Now I don’t want to say that there is no evidence that price has any impact on alcohol consumption; there is. In Finland, they had very high alcohol prices but cut them sharply in 2005 in anticipation of Estonia joining the EU and making cheap booze just a short ferry ride away. There was a noticeable increase in alcohol-related harm, such as admissions to accident and emergency wards.
There have been studies on this, the minimum pricing in Scotland also seems to have had some effect in the opposite direction, but it’s not clear yet whether in either case this is a cultural shift, or a short-term effect, and whether the previous patterns will reassert themselves. It is plausible that this would have some effect on young people drinking, price can be a real barrier for them, but it’s naïve to assume that this would have much impact either on alcoholics or even on occasional binge-drinkers. Price just doesn’t seem to be a barrier for them.
But one thing that, as far as I can see, all of the research is whether or not the MUP would reduce the problem of over-consumption of alcohol. Nobody is studying whether it could make the situation worse.
Very basic economics imagines that there is a straight-line relationship between price and consumption. That’s often true, but not always. There are examples of what are called inelastic markets, that’s to say that however high the price goes, people will pay it. A good example of this is booze for an alcoholic – they will pay what it takes to get their fix.

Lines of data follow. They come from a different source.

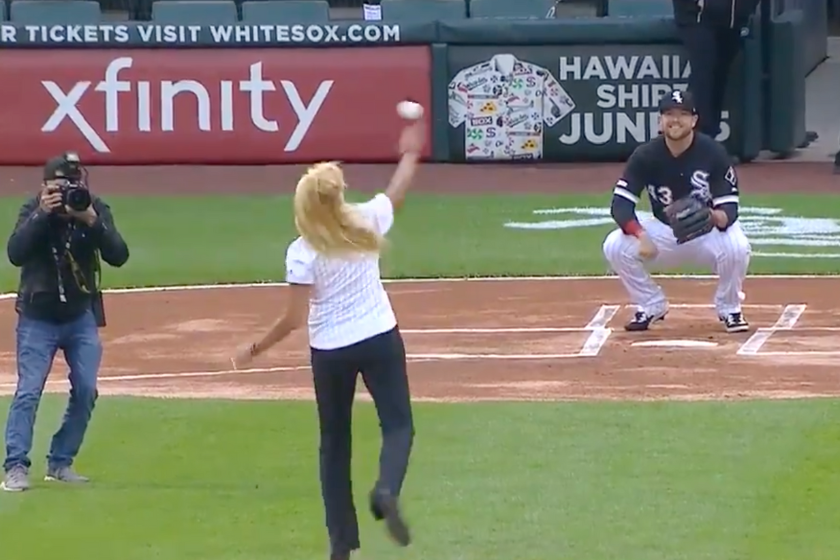 Woman nails cameraman with ceremonial first pitch at Chicago White Sox game
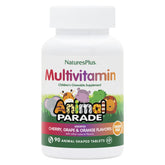 NaturesPlus Animal Parade bottle-front shows kid-friendly, sugar-free multivitamin for daily support.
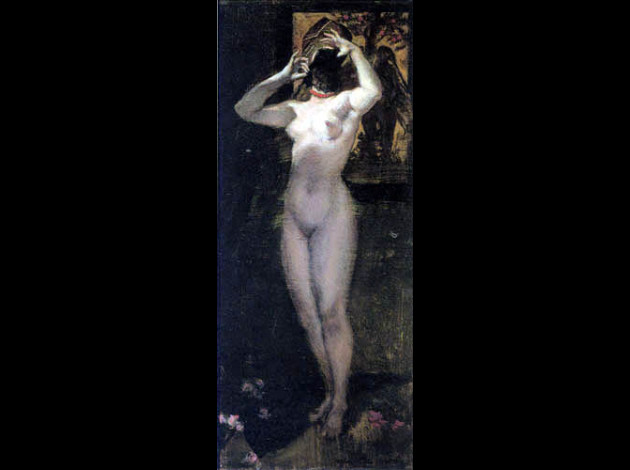 Weiblicher Akt mit Maske, 1877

But there are also examples of markets where, when the price goes up, people buy more. This is counterintuitive, but humans aren’t always rational. One example of this diamonds, which the marketers have managed to persuade people that are some sort of age-old tradition, but really only became a popular option for engagement rings since the Second World War; and a key part of the marketing strategy was to massively increase the price; making people feel the product must be important, since it’s so expensive.
This is a great trick, if you can get away with it. People buy more because you are charging them more. Not just jewellery, it can also work with cars, some food items, particularly luxury foods – would anyone really want oysters if they were 99 cent for a 10-pack in Aldi? And there is evidence that it works with alcohol.

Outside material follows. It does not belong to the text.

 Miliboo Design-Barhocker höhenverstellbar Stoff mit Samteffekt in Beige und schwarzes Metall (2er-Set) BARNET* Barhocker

Now the real giveaway that this is a protectionist measure that has nothing to do with public health is that the price is not being increased by a tax, it is being increased by outlawing price competition; all of the extra that you will pay will go straight to the retailers and suppliers.
They will be coining it. The worst possible thing that could happen for them is that they have slightly reduced sales rewarded with massively increased profit margins. But I’m not at all sure that the sales will be depressed for long.

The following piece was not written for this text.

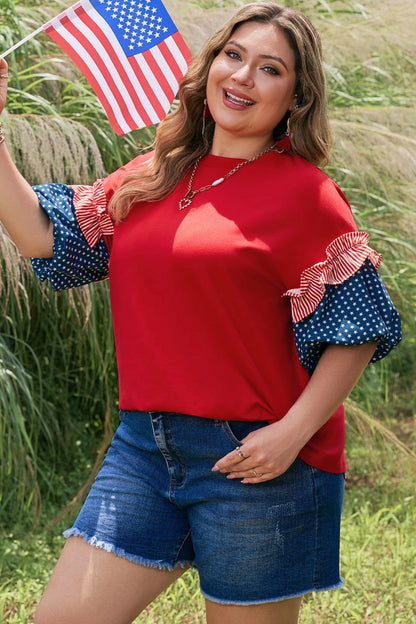 Plus Size Striped Ruffles Star Bubble Sleeve Top - Plus Size Clothing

In modern marketing, aside from higher prices sometimes actually stimulating higher sales, retailers have a whole host of devious ways to trick us into buying more than we really want. That brings me to BOGOF. That stands for Buy One, Get One Free. If you look around your local supermarket you will notice that you don’t seek 50 or whatever precent off any more on many products. Instead, you will much often see Buy One, Get One Free. That’s objectively a worse deal for consumers, you have to buy two products to get the discount. But the retailers have worked out that consumers subconsciously saw the lowering of price as a signal that it was a lower-quality product.
The same thing, but phrased differently, with a requirement to buy two units – Buy One, Get One Free shifts far more units and makes far more profits.
Now that retailers will have much bigger profits, they will also have the cash and the motivation to work out devious marketing tricks to persuade people to buy more booze. It might take them a while, but with such huge profits to be made, and a guarantee that nobody can undercut them on price, you can be sure that they will work it out.
I doubt if this measure will do much for alcoholism in the long term, but you can be certain that it will create another entrenched politically-protected cartel, and that’s not a good thing.